__Working data__:
========================

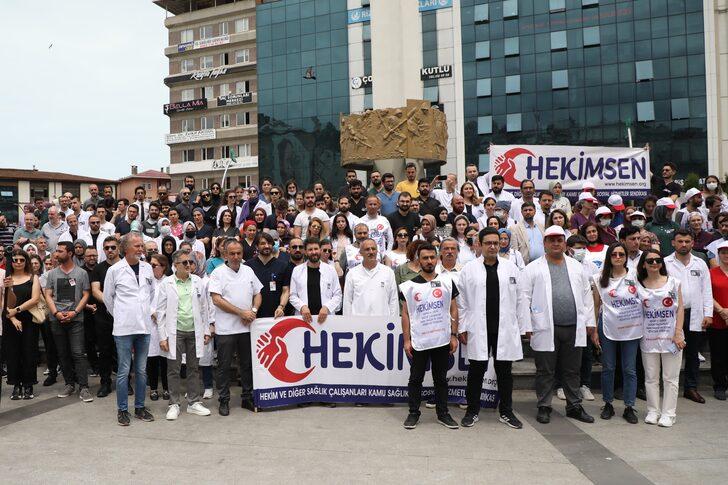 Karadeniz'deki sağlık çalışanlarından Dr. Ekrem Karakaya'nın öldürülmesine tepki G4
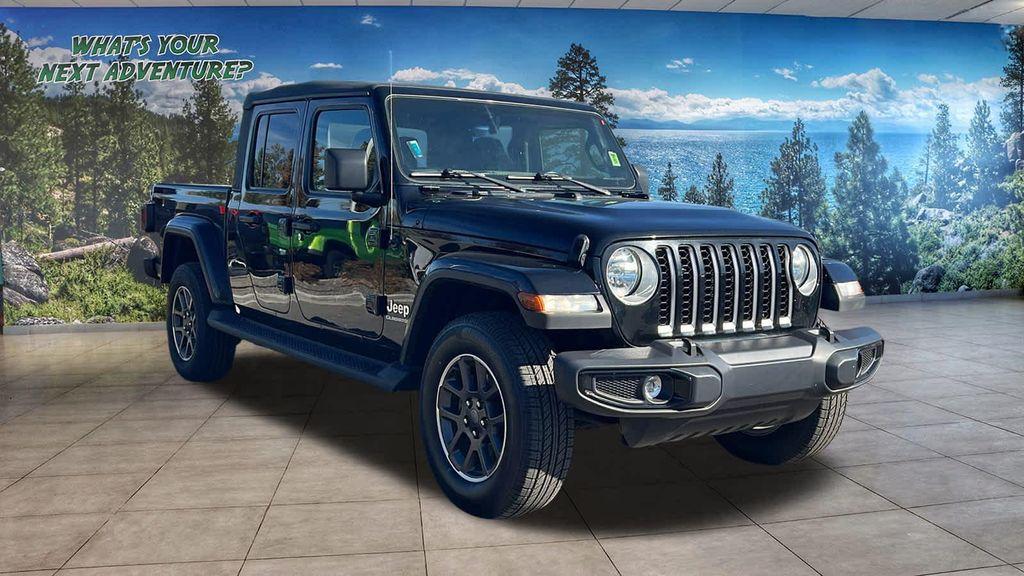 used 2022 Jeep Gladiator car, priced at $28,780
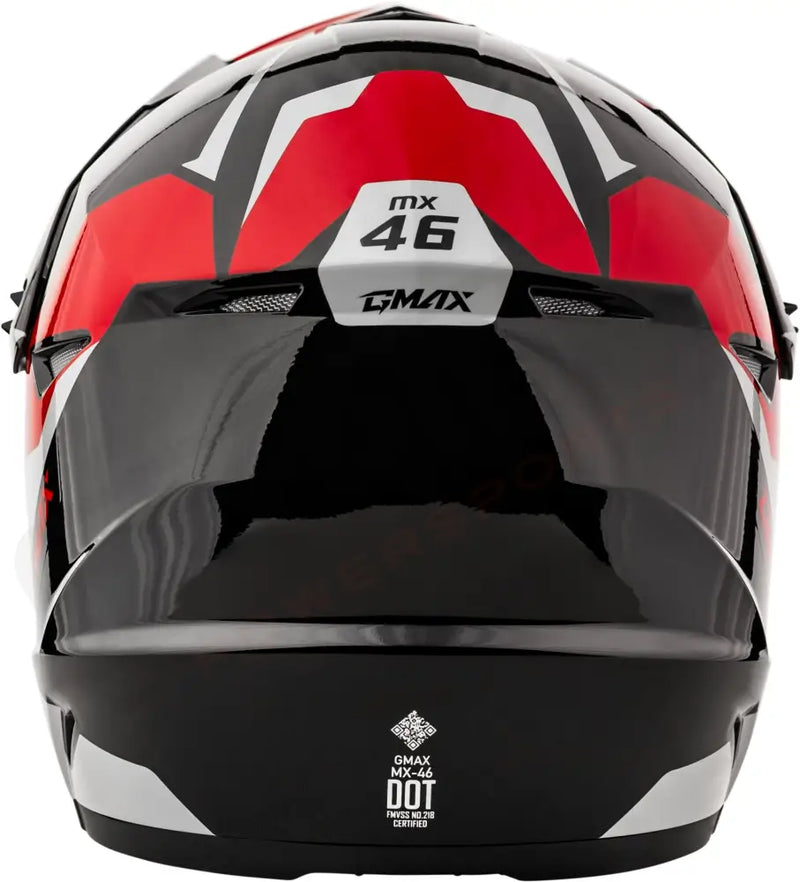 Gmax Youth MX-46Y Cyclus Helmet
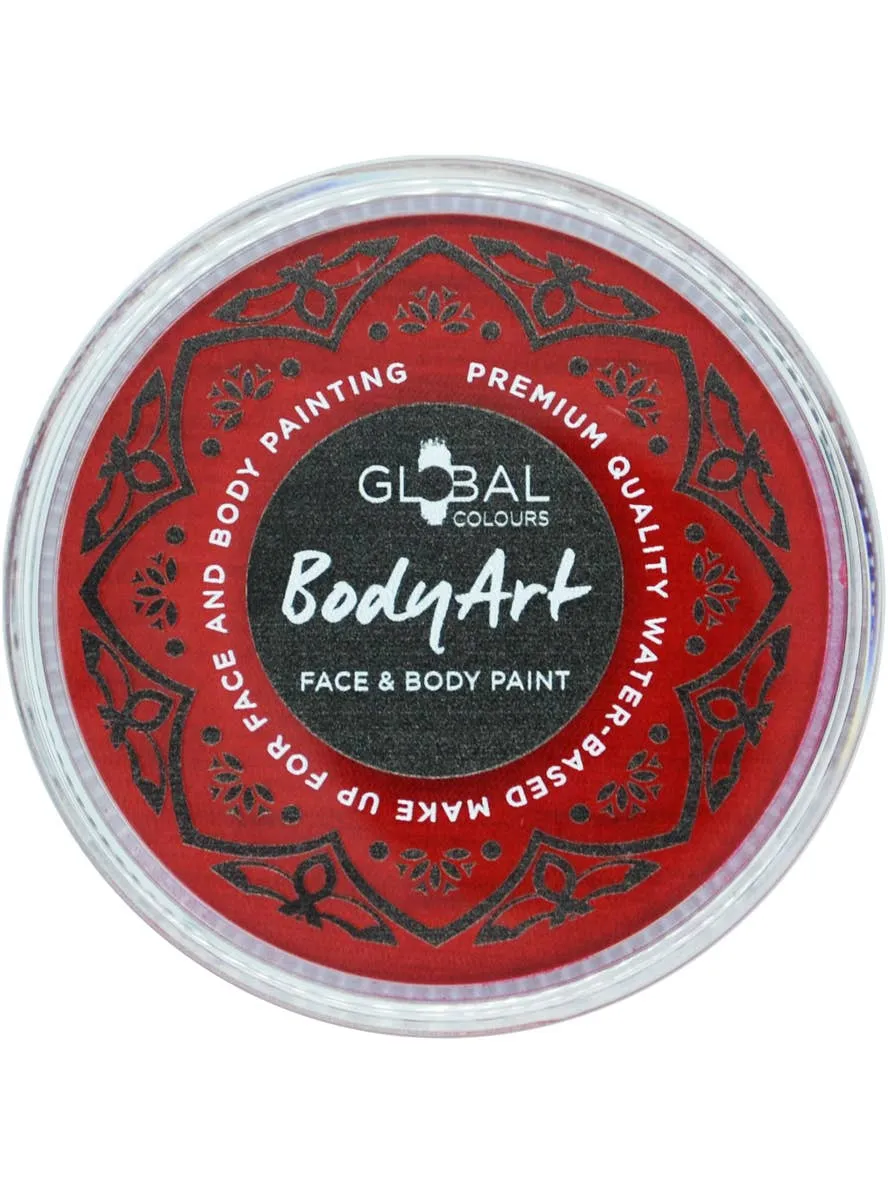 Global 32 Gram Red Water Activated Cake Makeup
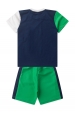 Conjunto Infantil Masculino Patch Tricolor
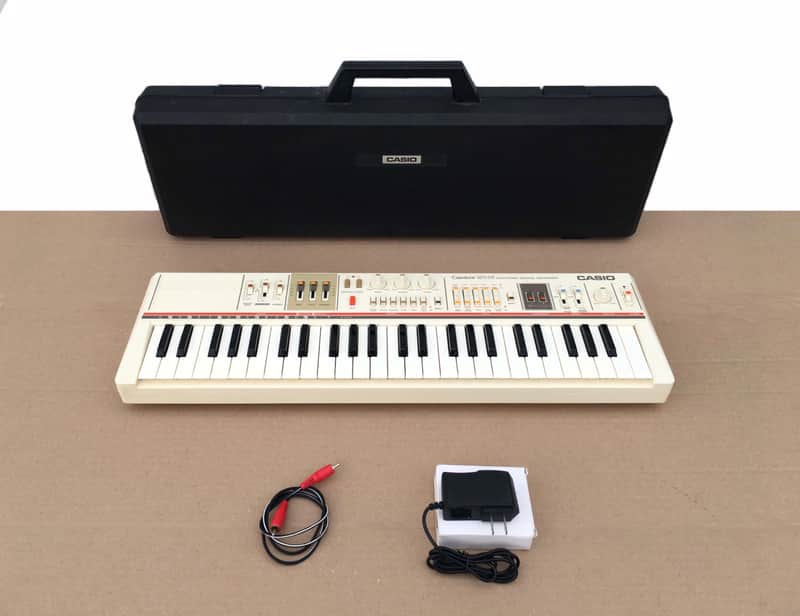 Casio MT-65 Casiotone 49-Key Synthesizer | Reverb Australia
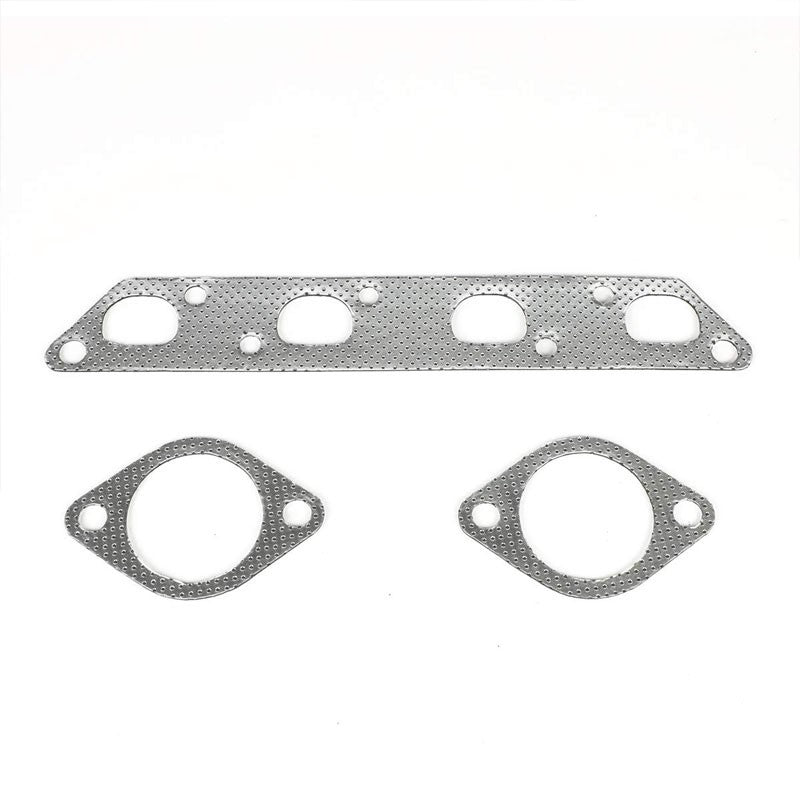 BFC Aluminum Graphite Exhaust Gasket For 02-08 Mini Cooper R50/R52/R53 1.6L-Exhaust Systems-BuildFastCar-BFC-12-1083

========================

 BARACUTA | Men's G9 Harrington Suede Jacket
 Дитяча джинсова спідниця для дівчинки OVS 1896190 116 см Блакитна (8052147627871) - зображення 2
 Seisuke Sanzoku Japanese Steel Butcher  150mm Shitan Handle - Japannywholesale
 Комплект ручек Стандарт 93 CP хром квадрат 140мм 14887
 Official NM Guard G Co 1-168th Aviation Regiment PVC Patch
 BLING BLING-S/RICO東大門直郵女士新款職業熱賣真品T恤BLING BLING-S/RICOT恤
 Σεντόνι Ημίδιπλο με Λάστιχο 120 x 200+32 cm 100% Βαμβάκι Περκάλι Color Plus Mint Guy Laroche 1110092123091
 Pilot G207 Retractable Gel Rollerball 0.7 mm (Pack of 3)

========================

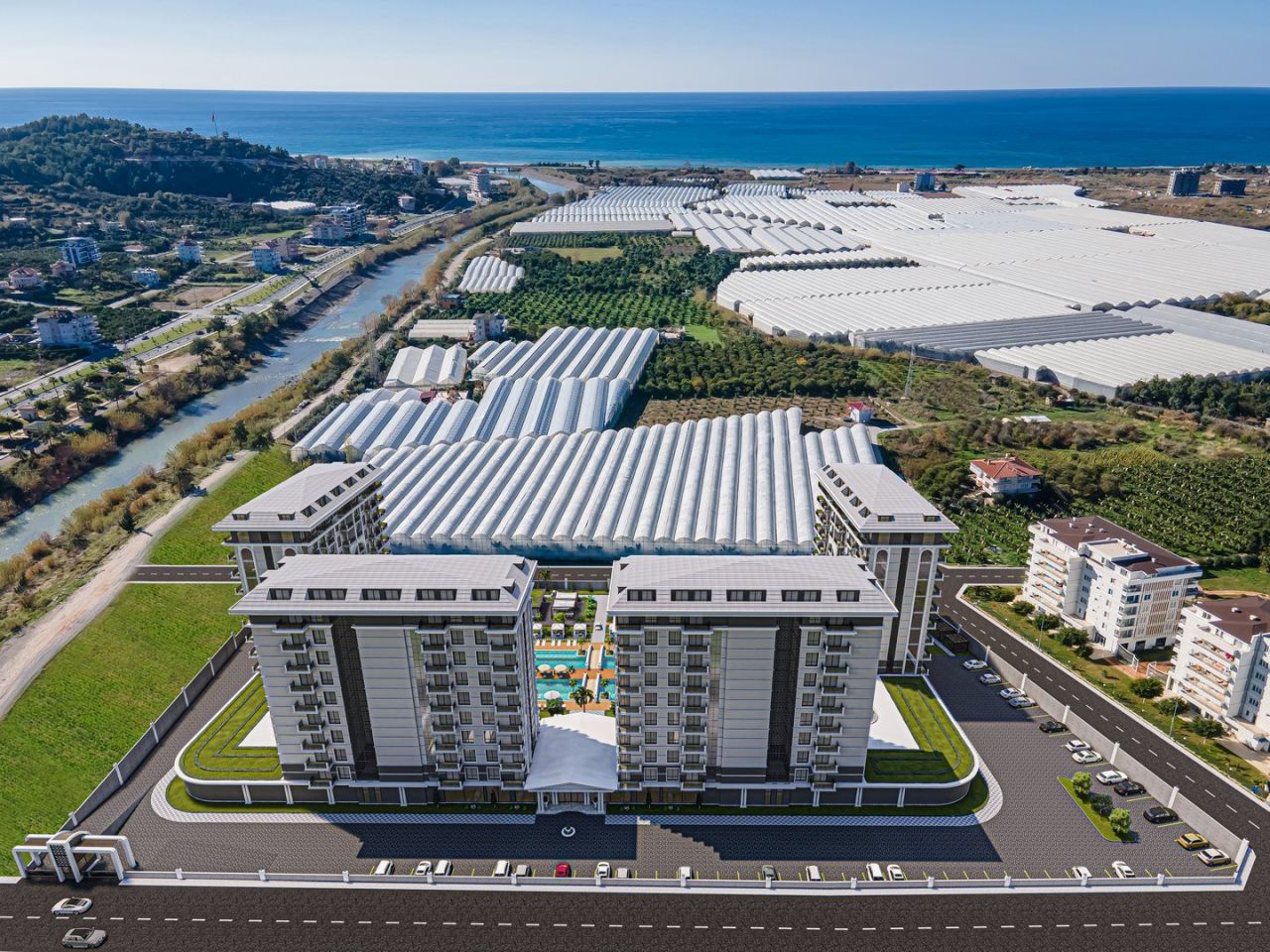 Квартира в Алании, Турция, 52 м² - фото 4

========================

__Problem details__: In the data above, start at the line that has "Official NM Guard", stop after the line that has "Pilot G207 Retractable", and print every line in between exactly as it stands.

__Your response__:
 Official NM Guard G Co 1-168th Aviation Regiment PVC Patch
 BLING BLING-S/RICO東大門直郵女士新款職業熱賣真品T恤BLING BLING-S/RICOT恤
 Σεντόνι Ημίδιπλο με Λάστιχο 120 x 200+32 cm 100% Βαμβάκι Περκάλι Color Plus Mint Guy Laroche 1110092123091
 Pilot G207 Retractable Gel Rollerball 0.7 mm (Pack of 3)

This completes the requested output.